I started The Postscript exactly one year ago.
I am more than a little superstitious when it comes to numbers. When I wrote the first draft of my memoir, Blue Yarn, I had an even number of chapters in all three sections. This was probably tidier than necessary, but maybe not terribly unusual. But then I made sure that every chapter had exactly 5000 words. This pleased me to no end—even as I realized my mania for symmetry was tipping over the edge.
When my agent sent notes to me, one of her comments was, “Chapter Eleven is very redundant and needs editing!”
I thought, “Well, of course it does! Do you have any idea how hard it was to get that chapter to exactly 5000 words?!”
I did not tell her this, of course. I don’t think it’s helpful if your agent thinks she is representing a crazy person.
This column is always 600 words. It is never 598 words. It is never 601. If you are ever reading it and find there are only 598 words, I suggest you march down to your editor’s office and demand your missing two words—or a prorated discount on your newspaper subscription.
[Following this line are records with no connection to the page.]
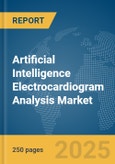 Artificial Intelligence (AI) Electrocardiogram (ECG) Analysis Market Report 2025- Product Image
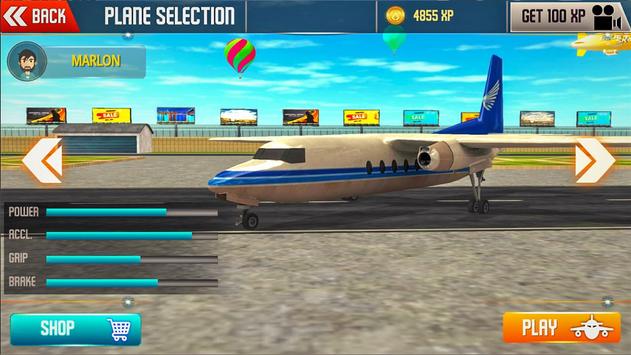 Airplane Flight Adventure 2019 screenshot 4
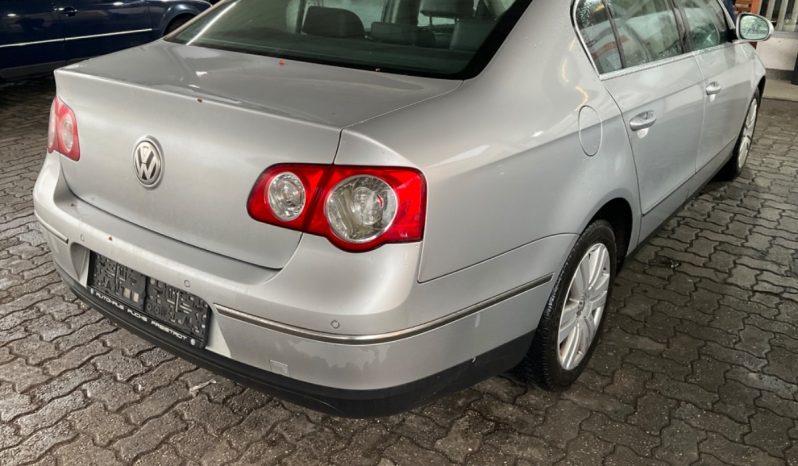 Volkswagen Passat 2.0 TDI Highline full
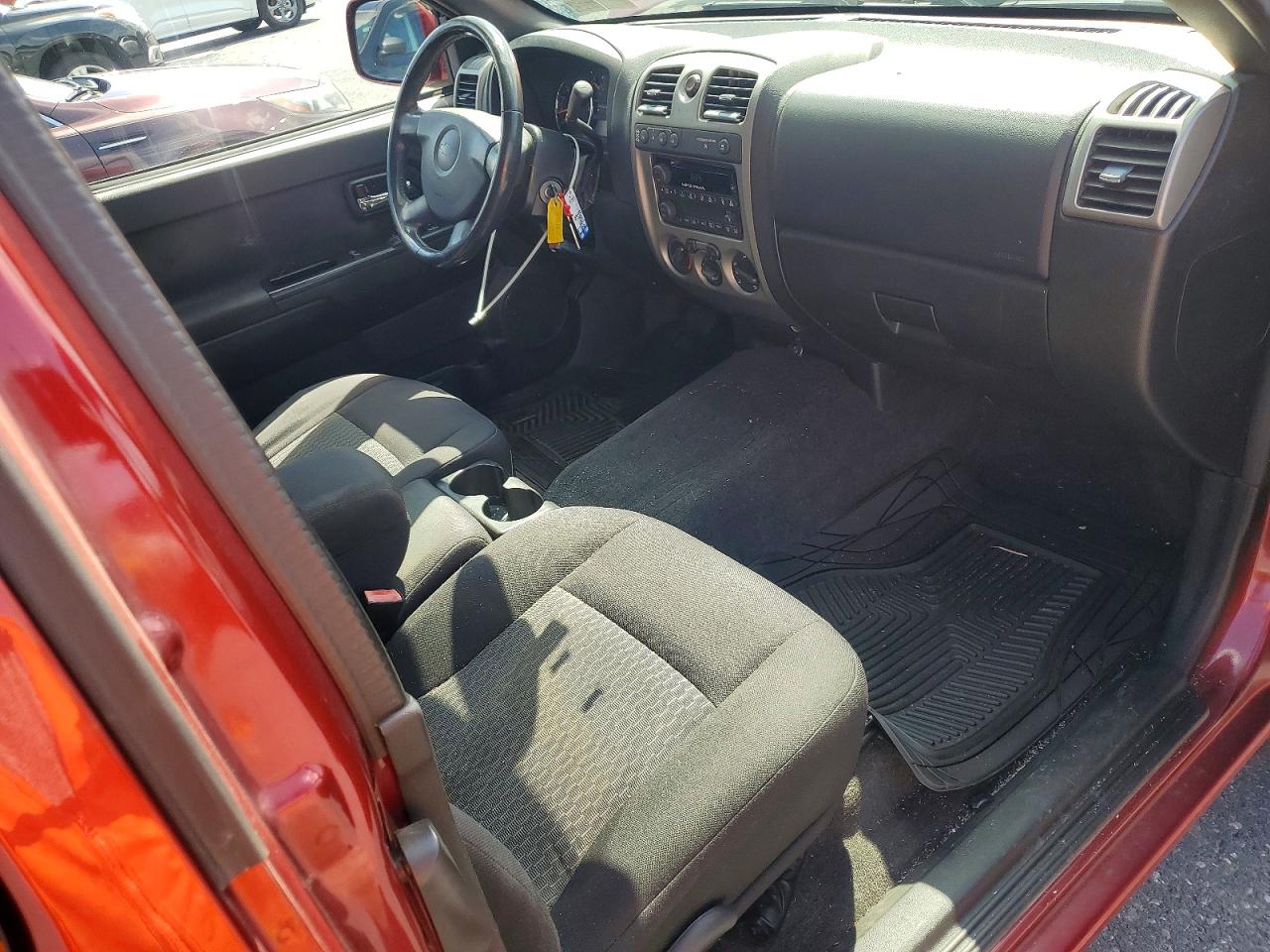 2011 Chevrolet Colorado Lt Maroon vin: 1GCJTDFE0B8122660
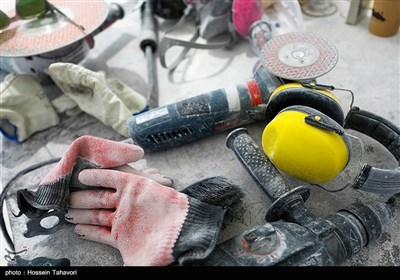 هفتمین سمپوزیوم مجسمه سازی در کیش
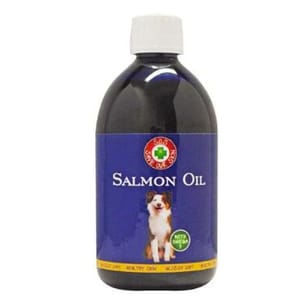 Fish4Dogs Fish4Dogs 纯三文魚油 500ml 500ml 正面圖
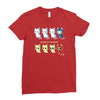 kitten of death Ladies Fitted T-Shirt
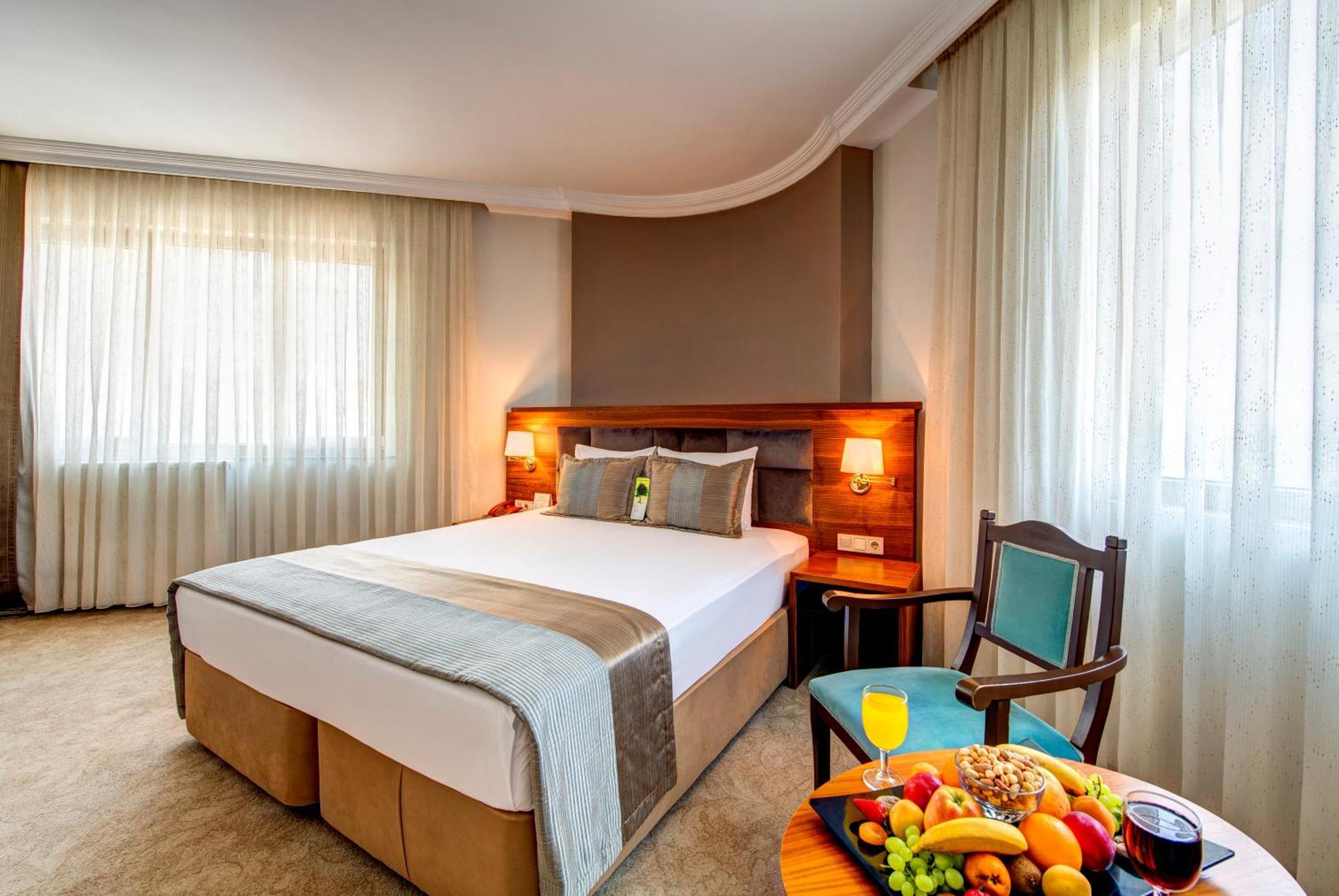 Bera Konya Hotel Kültér fotó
I don’t know exactly why I do this. No one has ever told me, “Carrie, we’d love to print your column, but it’s five words too long!” But I don’t think I’m alone in liking the symmetry of a nice round number.
My mother is a quilter. I am not. Theoretically, I should be good at quilting because quilting is all about symmetry. All art relies on symmetry or deliberate asymmetry and the tendency spills into the way we arrange furniture, organize our cabinets, or line up paint cans in the garage. Birthdays and anniversaries are celebrated when the earth has made it around the sun exactly once. I think all these things bring peace and order—and even beauty—to our world and I don’t think that’s a bad thing.
But it’s possible I take it a little too far.
If anyone is to blame, it would be my mother. (Isn’t this always the case?) I don’t feel bad blaming my mother because she gave me a near-perfect childhood and so, in this late-in-life new career as a writer, I don’t have much to write about.
My mother has kept a daily journal all her adult life. This is remarkable because on a spectrum with hoarders on one end and Buddhist monks on the other, my mother leans pretty close to the monks. But she has all her journals going back to before I was born. She insists her journals are not interesting and regularly threatens to throw them out.
“It’s just a record of every dental appointment I’ve ever had!” she insists. But then she’ll occasionally say, “Did you know it was last year on this day when we…” and we both marvel how the time has passed.
And I think that is the point—nice, even numbers give us an excuse to mark the passage of time.
Time goes so quickly. My husband, Peter, and I recently celebrated our 50th—month—anniversary. We went out to eat and made a big deal of it because we know we will never see an actual 50th anniversary.
I don’t know how long I will get to write this column. I hope it’s a long time. But nothing in life is certain and so today—even if it isn’t necessary, even if it’s a little silly—I am celebrating our one-year anniversary.